** Data extract follows **
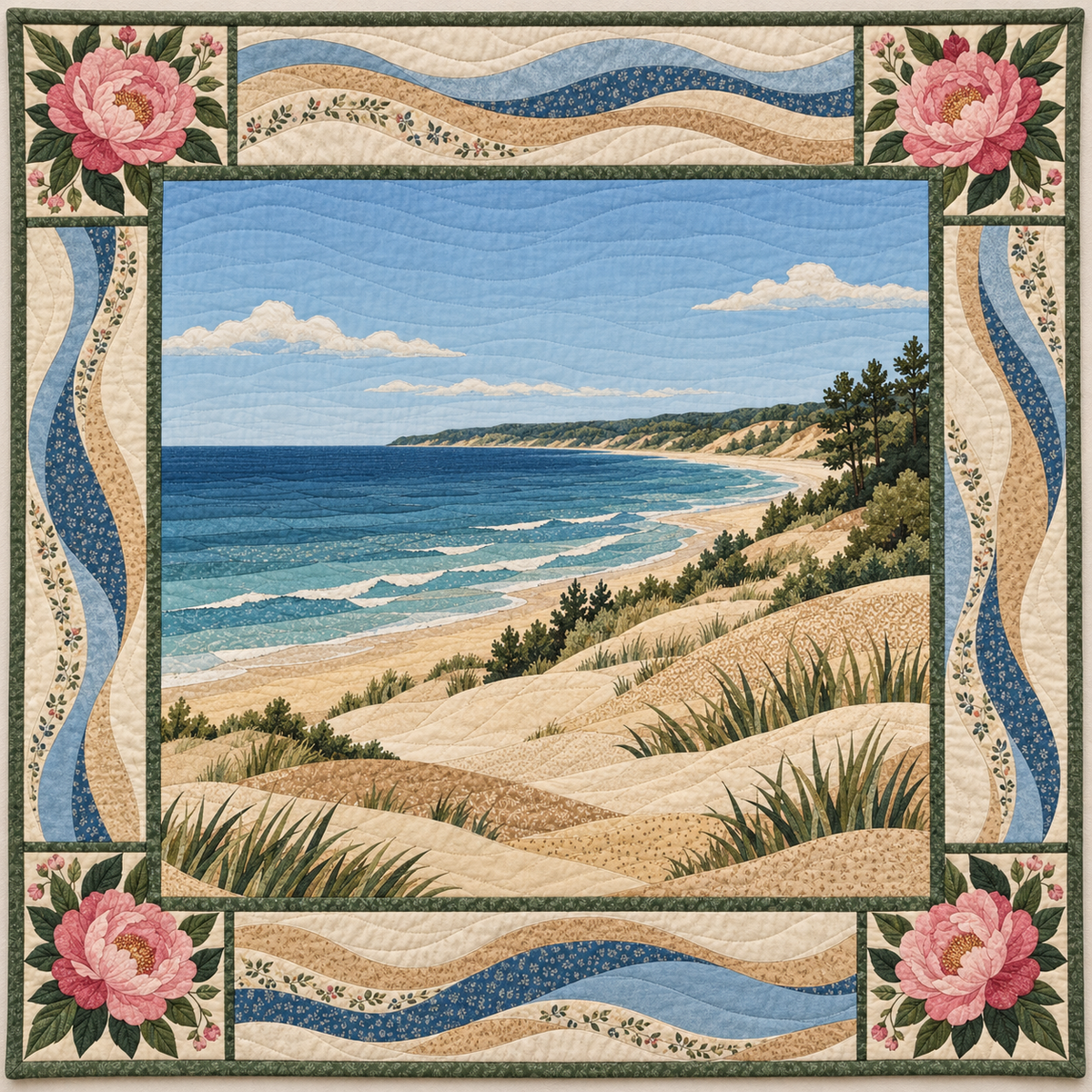 Indiana Dunes and Peonies quilt blanket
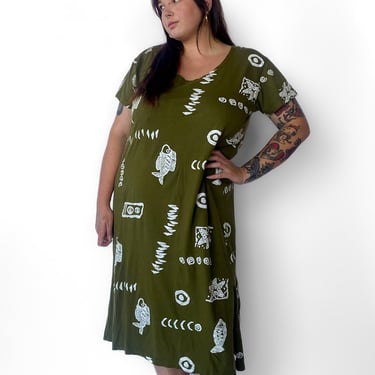 Modern Olive Green Fish Patterned Dress, sz. 3X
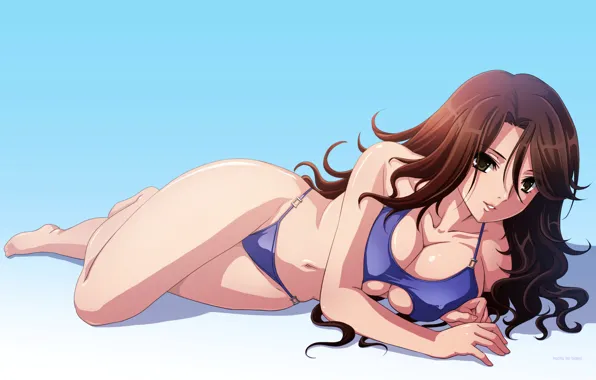 Girl, sexy, cleavage, long hair, boobs, anime, beautiful, pretty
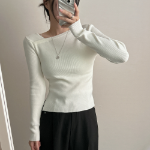 Mongeurami – свитер Side-Slit Button Slim Knit Sweater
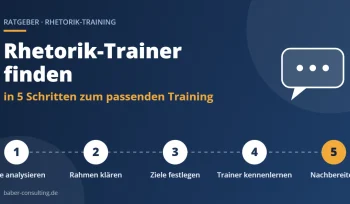 Rhetorik-Trainer finden: 5 Schritte von der Bedarfsanalyse bis zur Nachbereitung des Rhetorik-Trainings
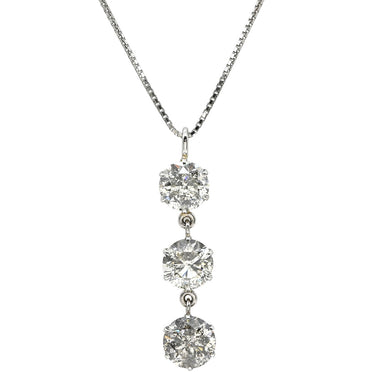 ノンブランド NON BRAND トリロジー ダイヤモンド プラチナシルバー Pt900 ダイヤモンド Pt850（チェーン） ネックレス 3P 3石 3粒 スリーストーン ドロップ スイング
** End of Data extract **
__Assignment__. All entries above should be returned exactly, apart from their pictures.

__Response to the exercise__.
 Indiana Dunes and Peonies quilt blanket
 Modern Olive Green Fish Patterned Dress, sz. 3X
 Girl, sexy, cleavage, long hair, boobs, anime, beautiful, pretty
 Mongeurami – свитер Side-Slit Button Slim Knit Sweater
 Rhetorik-Trainer finden: 5 Schritte von der Bedarfsanalyse bis zur Nachbereitung des Rhetorik-Trainings
 ノンブランド NON BRAND トリロジー ダイヤモンド プラチナシルバー Pt900 ダイヤモンド Pt850（チェーン） ネックレス 3P 3石 3粒 スリーストーン ドロップ スイング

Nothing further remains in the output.